Lah, katanya Capella nulis tentang makanan? Ya, sabar dulu gaes. Kalau di The Food of Love dan The Wedding Officer fokus pada kulinari Italia, maka di buku ini ya sudah jelas es krim lah primadonanya. Buku ini dimulai dengan catatan editor yang awalnya sih kayak beneran, tapi seiring cerita gue baru ngeh kalau tokoh Carlo Demirco ini benernya karangan Capella aja. Memanfaatkan confectioner tak bernama yang (katanya) memperkenalkan es krim yang awalnya adalah hidangan khusus hanya untuk Raja untuk kemudian akhirnya bisa dinikmati rakyat jelata, Capella memutuskan untuk memberi nama si confectioner ini dengan nama Carlo. Tidak adanya catatan resmi tentang sang confectioner maupun The Book of Ices yang berisi resep - resep buatan Carlo yang menghiasi semua bab yang bercerita dari sudut pandang Carlo membuat Capella dengan bebas mengintepretasikan apa yang sebenarnya terjadi saat itu. Pun dengan karangan tentang buku catatan harian Louise yang entah emang beneran ada atau ngga, maka semua sudut pandang Louise pun diceritakan berdasarkan interpretasi Capella. TAPI karena Louise de Keroualle ini orang yang beneran ada ya maka banyak fakta - fakta sejarah juga orang - orang yang beneran ada seperti saingan Louise dalam merebut perhatian Charles II yaitu sesama gundik bernama Nell Gwynne dan Hortense Mancini. Siap - siap aja googling siapa mereka di wiki yah.

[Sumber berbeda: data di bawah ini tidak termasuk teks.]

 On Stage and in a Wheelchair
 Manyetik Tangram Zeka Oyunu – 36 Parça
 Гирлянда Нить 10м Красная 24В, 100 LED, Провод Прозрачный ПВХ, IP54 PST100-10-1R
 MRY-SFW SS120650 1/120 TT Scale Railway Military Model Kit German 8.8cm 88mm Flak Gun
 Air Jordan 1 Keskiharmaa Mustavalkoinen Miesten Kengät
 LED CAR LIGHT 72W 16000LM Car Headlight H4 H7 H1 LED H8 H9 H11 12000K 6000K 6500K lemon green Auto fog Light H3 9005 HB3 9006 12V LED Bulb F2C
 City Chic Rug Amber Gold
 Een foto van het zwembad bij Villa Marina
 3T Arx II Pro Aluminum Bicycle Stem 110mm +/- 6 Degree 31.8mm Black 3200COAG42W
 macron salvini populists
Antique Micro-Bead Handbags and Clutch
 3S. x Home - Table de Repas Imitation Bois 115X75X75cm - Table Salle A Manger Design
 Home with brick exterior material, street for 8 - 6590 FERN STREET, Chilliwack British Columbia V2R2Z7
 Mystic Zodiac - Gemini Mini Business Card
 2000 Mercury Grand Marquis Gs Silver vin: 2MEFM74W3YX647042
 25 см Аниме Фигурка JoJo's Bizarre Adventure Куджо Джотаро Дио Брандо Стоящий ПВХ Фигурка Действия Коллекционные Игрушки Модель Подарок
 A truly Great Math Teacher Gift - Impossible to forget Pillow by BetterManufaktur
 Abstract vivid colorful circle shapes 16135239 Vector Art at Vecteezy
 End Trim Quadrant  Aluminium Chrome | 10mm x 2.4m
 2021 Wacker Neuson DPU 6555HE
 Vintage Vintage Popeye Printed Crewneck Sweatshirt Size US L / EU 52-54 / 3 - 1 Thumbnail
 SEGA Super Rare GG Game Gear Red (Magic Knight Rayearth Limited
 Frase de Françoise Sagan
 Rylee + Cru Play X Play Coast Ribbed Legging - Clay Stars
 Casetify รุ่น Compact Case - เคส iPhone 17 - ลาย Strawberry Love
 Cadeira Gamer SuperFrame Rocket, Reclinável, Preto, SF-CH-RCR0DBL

Buku ini mungkin buat beberapa orang sangat vulgar, tapi kalau mengingat kebebasan seksual jaman abad 17 kayaknya gue juga ga heran - heran amat. Orang Inggris sendiri dikisahkan sangat barbar, tapi pembaca melihatnya dari sudut pandang Carlo yang orang Italia dan sudah lama jadi confectionernya Raja Louis XVI di Prancis yang tentunya masih lebih elegan. Pun Louise juga aslinya orang Prancis. Membaca bab - bab dari Louise membuat gue sering bilang "yaelaaah". Untuk wanita yang mengagung-agungkan kemuliaan, pada akhirnya toh Louise menerima nasibnya untuk menjadi gundik (alias royal mistress) Charles II setelah setahun berusaha keras menolak rayuan sang Raja. Louise yang naif, angkuh dan sombong akhirnya bersikap pragmatis karena ambisinya ya diatas segalanya, karena siapa juga yang ga mau jadi wanita yang walau bukan seorang Ratu tapi pendapatnya didengar oleh Charles II bahkan melebihi sang Ratu sendiri. Hal ini bikin gue teringat sama adegan di Dune, dimana Lady Jessica membesarkan hati Chani yang harus rela Paul menikahi Putri Irulan karena Chani punya kedudukan lebih tinggi akibat cinta Paul. Hal itu juga berlaku sama untuk Charles II dan Louise, karena pada akhirnya toh walau Louise jadi wanita yang paling dibenci oleh Inggris saat itu karena dia orang Prancis dan juga Katolik, tetap saja Louis yang mengendalikan Charles II, Raja yang dikenal enggan mengambil keputusan.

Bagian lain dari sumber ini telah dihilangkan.